Me he acordado de este curioso amigo al leer El enigma de Dios. De la fe a la incertidumbre, del veterano periodista Pedro G. Cuartango. Hay libros profundos que son para el verano (si por verano seguimos considerando la impugnación del sentido ordinario del tiempo). Yo lo he leído en un salón a oscuras, bajo las aspas de un ventilador de techo y un animal sintiente, mi perro, a los pies. El libro de Cuartango, a quien tanto suelo leer en sus columnas, merecería una clásica pero no tópica lectura frente al mar, mientras se insinúa el crepúsculo. Sobre todo ahora, en días lánguidos, cuando la luz de las tardes de agosto va decreciendo a medida que anochece discretamente algo más pronto, a semejanza de la edad de uno, cuando también se va columbrando el nadir de la vida. Es de hecho lo que le ocurre al propio autor. A las puertas de la vejez aún duda sobre si existe Dios o si tras la muerte sólo hay el absoluto de la nada.

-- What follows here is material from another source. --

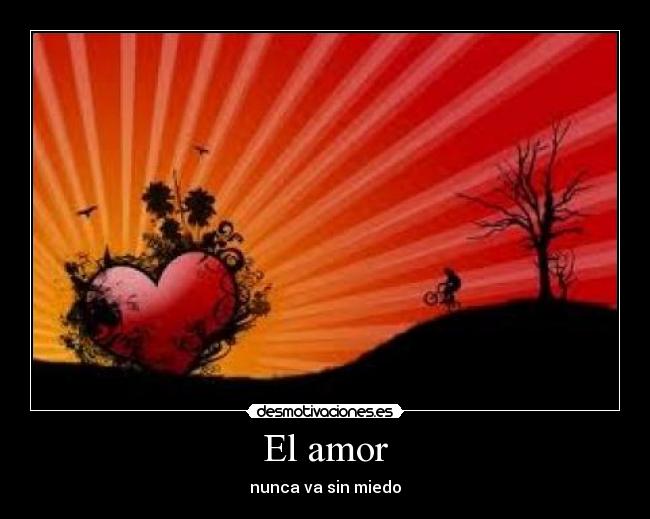 El amor - nunca va sin miedo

Si Dios pudiera existir es también porque los que han perdido la fe con los años siguen hoy alumbrando la única certeza posible: la incertidumbre. El también filósofo por formación perdió la fe tras una infancia piadosa, educada en el entorno provinciano de la muy ferroviaria Miranda de Ebro. Vivió la niñez bajo el catolicismo ambiental de una familia de su tiempo. El franquismo imponía su capa de grises a la vida española, pero el misterio de Dios, como sugiere el autor en clave personal, buscaba su propio camino indescifrable al margen de los rigores del nacionalcatolicismo.
¿Existe Dios? Tal vez no haya nada tras la muerte. Igual que no podemos probar con absoluta certeza que la nada sea lo único cierto toda vez que hayamos cruzado el umbral hacia el insondable vacío. Dice Cuartango que ateos y creyentes se parecen. Ambos son maximalistas en la fe y en la increencia de que exista un supremo hacedor. Se declara agnóstico. Por eso duda de que exista Dios precisamente porque podría existir. Aparte de los pucheros teresianos, Dios habita en los intersticios. Y no hay fe verdadera si no entra la duda por la resquebrajadura.

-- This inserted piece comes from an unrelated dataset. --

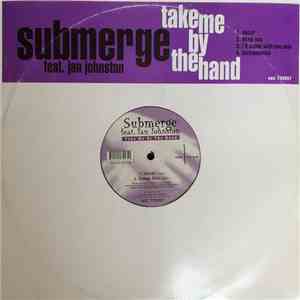 Submerge Featuring Jan Johnston - Take Me By The Hand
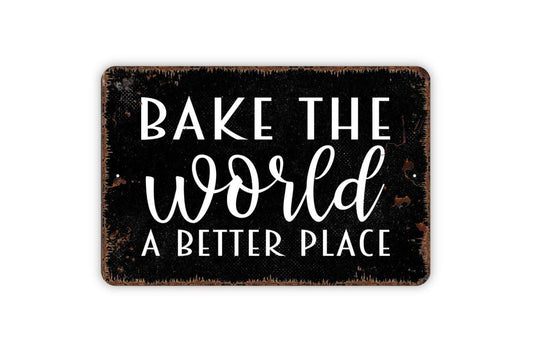 Bake The World A Better Place Sign – Rustic Kitchen Wall Decor – Farmhouse Bakery Sign – Metal Sign or Vinyl Sticker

Entre los recuerdos de Miranda de Ebro, la historia de la filosofía y las citas culturales en absoluto farragosas, Cuartango hace de la duda una suma de restas a través de un rico viaje existencial por el tiempo. Aunque agnóstico y proclive a no creer en la vida eterna, al final reconoce que tal vez, en el fondo, puede que siga siendo un “católico escéptico, ligado a los valores del humanismo cristiano”. Uno estaría de acuerdo con él en este punto, con su libro abierto y subrayado frente al mar allí donde el verano nos alcance.
“No existen verdades absolutas porque la conciencia es fruto de la historia en la que los individuos despliegan la existencia. Dios, el gran misterio, queda al margen de esta ecuación”. Con su ojo dentro, el Dios de los cristianos sigue siendo como el triángulo equilátero y trinitario con el que tantas veces ha sido representado, como aparece en la Cena de Emaús, el cuadro renacentista de Portormo. Ese ojo interior podría ser la mirada del Reino que, según el hijo aquel del carpintero, había llegado para habitarnos desde dentro. A veces el Jesús de los evangelios me recuerda al enigmático amigo del que hablaba yo al inicio.
Sartre, Spinoza, Leibniz, Heiddegger, San Agustín, Kant, Albert Camus, Platón, Nietzsche, Pascal, Montaigne… El enigma de Dios, sin olvido del gran cine, la literatura y la música (y hasta el fútbol, con su olor espiritual a camaradería y linimento), es todo un vademécum de cultura rica y abarcadora en torno a la duda de partida. ¿Existe Dios? Disfruten del crepúsculo sobre el mar de agosto.